Work order: Everything from the line with "Welcome to the" through the last line of the data below should be copied exactly, apart from the pictures.

** Excerpted data follows **

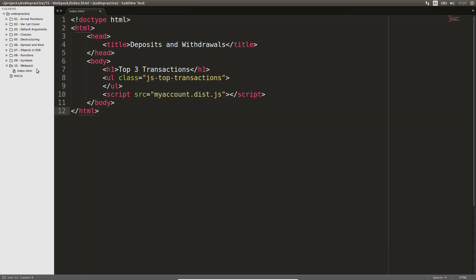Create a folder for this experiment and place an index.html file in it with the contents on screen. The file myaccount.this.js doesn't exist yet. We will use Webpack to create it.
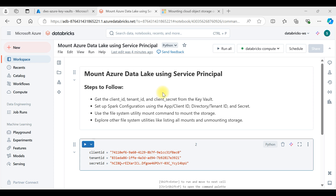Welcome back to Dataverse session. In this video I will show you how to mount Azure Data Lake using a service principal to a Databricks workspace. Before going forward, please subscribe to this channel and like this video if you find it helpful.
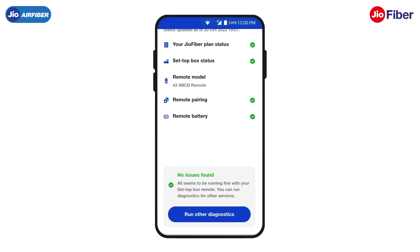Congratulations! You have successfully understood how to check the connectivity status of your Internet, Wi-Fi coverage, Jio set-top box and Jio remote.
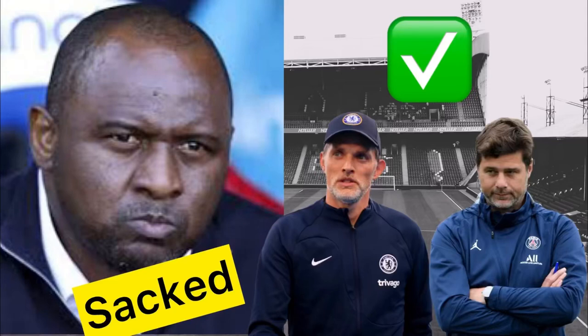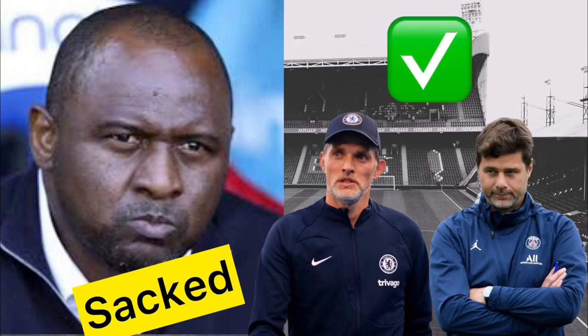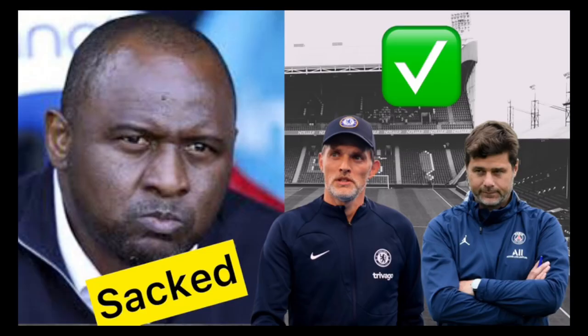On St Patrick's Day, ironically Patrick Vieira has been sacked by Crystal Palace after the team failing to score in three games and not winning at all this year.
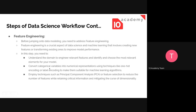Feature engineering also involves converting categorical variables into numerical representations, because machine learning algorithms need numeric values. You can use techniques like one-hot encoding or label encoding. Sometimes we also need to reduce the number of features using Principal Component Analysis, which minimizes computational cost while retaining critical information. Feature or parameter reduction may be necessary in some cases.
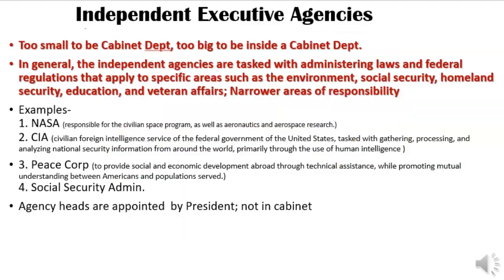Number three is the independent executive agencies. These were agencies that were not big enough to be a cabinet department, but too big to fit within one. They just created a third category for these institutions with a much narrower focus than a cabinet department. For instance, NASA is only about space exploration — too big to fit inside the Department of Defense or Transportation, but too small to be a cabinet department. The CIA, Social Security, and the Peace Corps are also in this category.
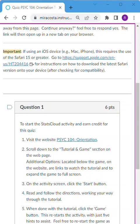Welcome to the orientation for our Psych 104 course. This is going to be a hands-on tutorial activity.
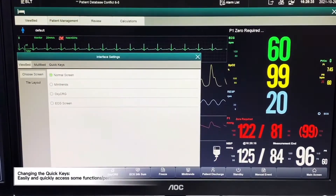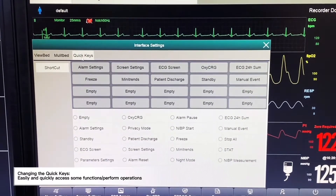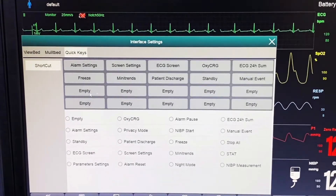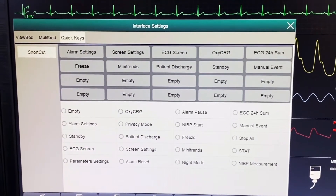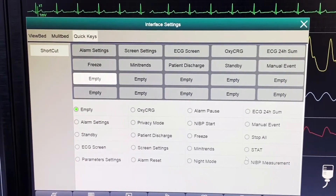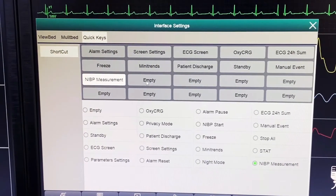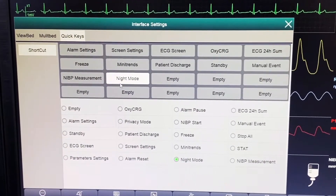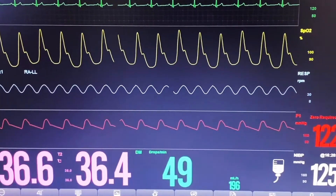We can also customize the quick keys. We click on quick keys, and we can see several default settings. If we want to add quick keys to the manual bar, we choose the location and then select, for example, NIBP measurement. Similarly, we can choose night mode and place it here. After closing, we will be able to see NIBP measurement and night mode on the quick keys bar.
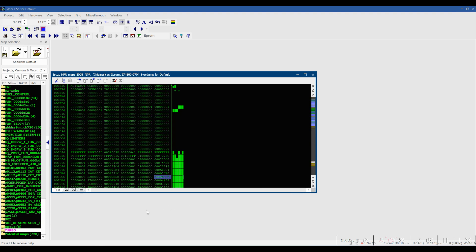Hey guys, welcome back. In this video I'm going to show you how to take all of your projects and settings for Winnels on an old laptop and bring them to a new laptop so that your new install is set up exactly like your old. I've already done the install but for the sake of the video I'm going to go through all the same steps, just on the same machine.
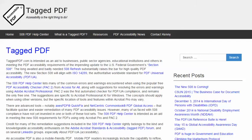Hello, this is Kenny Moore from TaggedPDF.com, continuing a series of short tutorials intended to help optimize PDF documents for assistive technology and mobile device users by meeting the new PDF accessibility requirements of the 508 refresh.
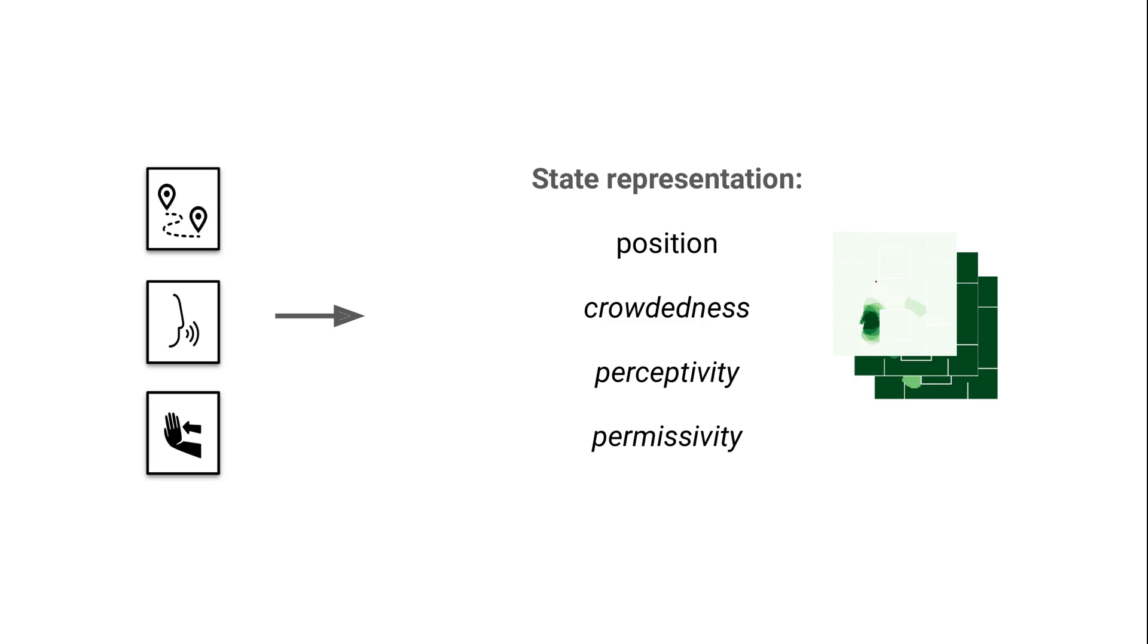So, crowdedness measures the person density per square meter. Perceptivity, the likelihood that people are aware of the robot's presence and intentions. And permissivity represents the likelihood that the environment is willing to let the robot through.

** End of Excerpted data **

Result for this exercise:
Welcome to the orientation for our Psych 104 course. This is going to be a hands-on tutorial activity.
We can also customize the quick keys. We click on quick keys, and we can see several default settings. If we want to add quick keys to the manual bar, we choose the location and then select, for example, NIBP measurement. Similarly, we can choose night mode and place it here. After closing, we will be able to see NIBP measurement and night mode on the quick keys bar.
Hey guys, welcome back. In this video I'm going to show you how to take all of your projects and settings for Winnels on an old laptop and bring them to a new laptop so that your new install is set up exactly like your old. I've already done the install but for the sake of the video I'm going to go through all the same steps, just on the same machine.
Hello, this is Kenny Moore from TaggedPDF.com, continuing a series of short tutorials intended to help optimize PDF documents for assistive technology and mobile device users by meeting the new PDF accessibility requirements of the 508 refresh.
So, crowdedness measures the person density per square meter. Perceptivity, the likelihood that people are aware of the robot's presence and intentions. And permissivity represents the likelihood that the environment is willing to let the robot through.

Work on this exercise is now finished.